## [What is needed]
Reproduce exactly only the lines from the line that holds "Snapshot of alisia_mars" to the line that holds "Играчки Kinder Joy, Kinder Surprise и други", inclusive, in the listing below, and please leave out every picture.

## [Listed records]
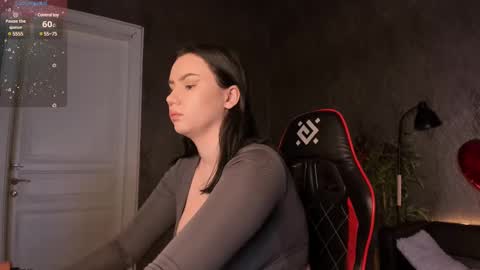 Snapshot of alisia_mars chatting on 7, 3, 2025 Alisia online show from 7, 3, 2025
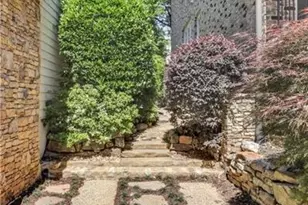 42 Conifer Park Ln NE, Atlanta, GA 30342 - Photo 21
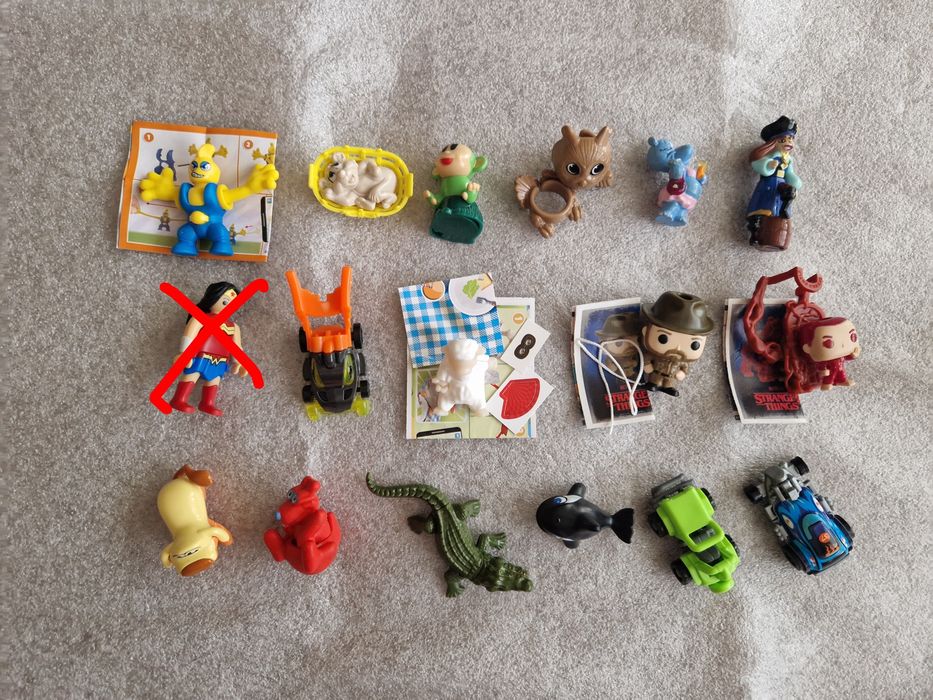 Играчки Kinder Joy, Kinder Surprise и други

...

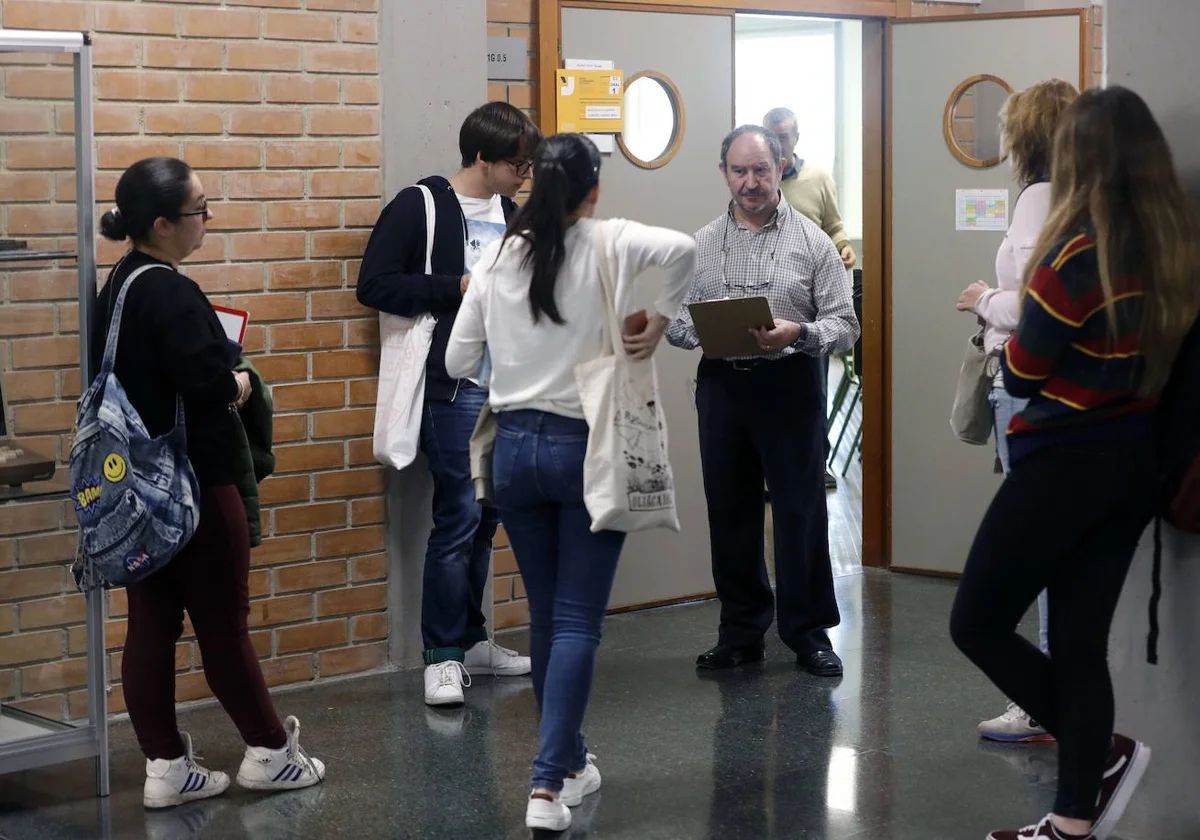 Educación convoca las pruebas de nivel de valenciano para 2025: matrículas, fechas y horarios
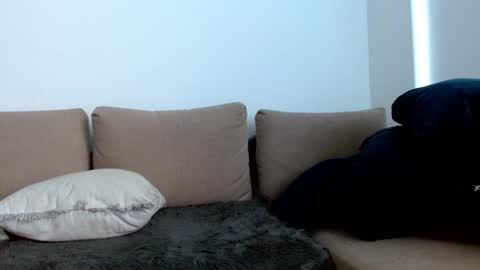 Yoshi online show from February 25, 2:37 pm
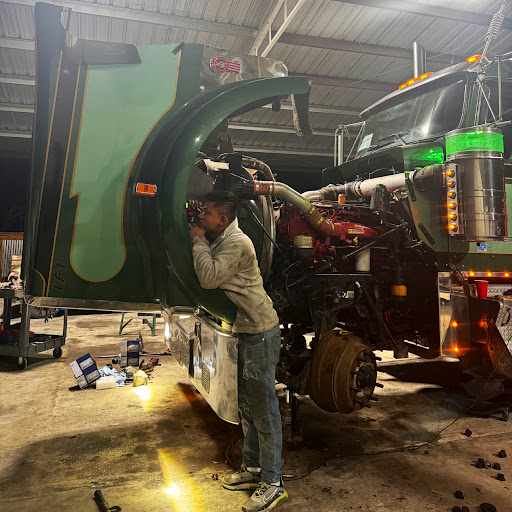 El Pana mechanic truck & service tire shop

## [Task output]
 Snapshot of alisia_mars chatting on 7, 3, 2025 Alisia online show from 7, 3, 2025
 42 Conifer Park Ln NE, Atlanta, GA 30342 - Photo 21
 Играчки Kinder Joy, Kinder Surprise и други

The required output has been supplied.